Website of the Week: www.toiletwisdom.com/" is a site that explores the world of bathroom graffiti. Something about relieving oneself in public areas inspires the inner poet in all of us. From the relevant: "God is dead' Nietzsche" and, in someone else's hand "Nietzsche is dead' God", to the bewildering: "Read The Goods,'" bathroom graffiti has touched us all in some way. The toilet wisdom site gives one a chance to reflect on the ways such misspelled scrawling, often done with car keys, has touched all of us.

This Week's Album to Drop Everything and Buy: The New Rhythm and Blues Quartet (NRBQ) has been turning out superb pop rock for 35 years now, and some geniuses finally got around to putting out a tribute album. Credit the folks at SpiritHouse records for eventually picking up the dropped ball and, as the label's first ever endeavor, releasing "The Q People." Yo la Tengo, Steve Earle and Widespread Panic are bands all joined by one thing, a professed love for NRBQ. The Q has always been about the good times, and the bands involved on this tribute play right into that hand. On his version of "A Girl Like That," Steve Earle sounds more joyful and relaxed than he has in a couple years. The truth is that NRBQ's songs are so good that an album of me snoring them in my sleep would probably sound alright.

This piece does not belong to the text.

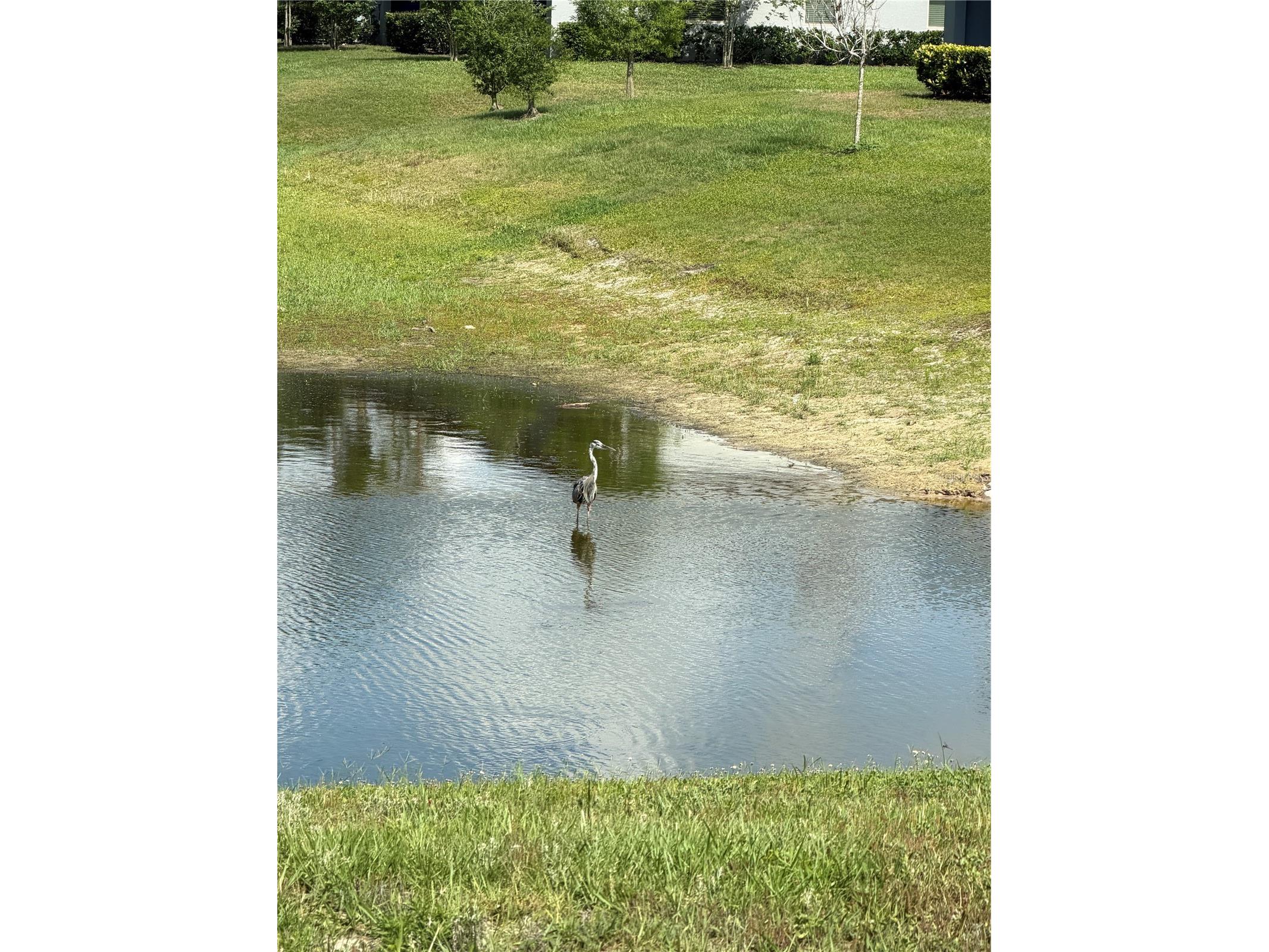 2578 Charlan Court Holiday FL 34690 W7885741 image32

Tribute albums show up all too frequently and often with no good reason, but "The Q People" is a tribute that is not only deserved but also very well done. Widespread Panic's version of "Ain't No Horse," while going on too long, is quite tolerable all the way through, and the album's strangest entry, a 15-plus minute SpongeBob SquarePants entry called "Little Floaters Wild Weekend," is worth the time. True NRBQ fans will have fun counting the Q references during the piece.

As the members of NRBQ age and their records go out of print, I can only hope this tribute will encourage a new generation of music fans to explore the band's history and discover some truly historic music.

Long live the Q. mpsheahan@ yahoo.com.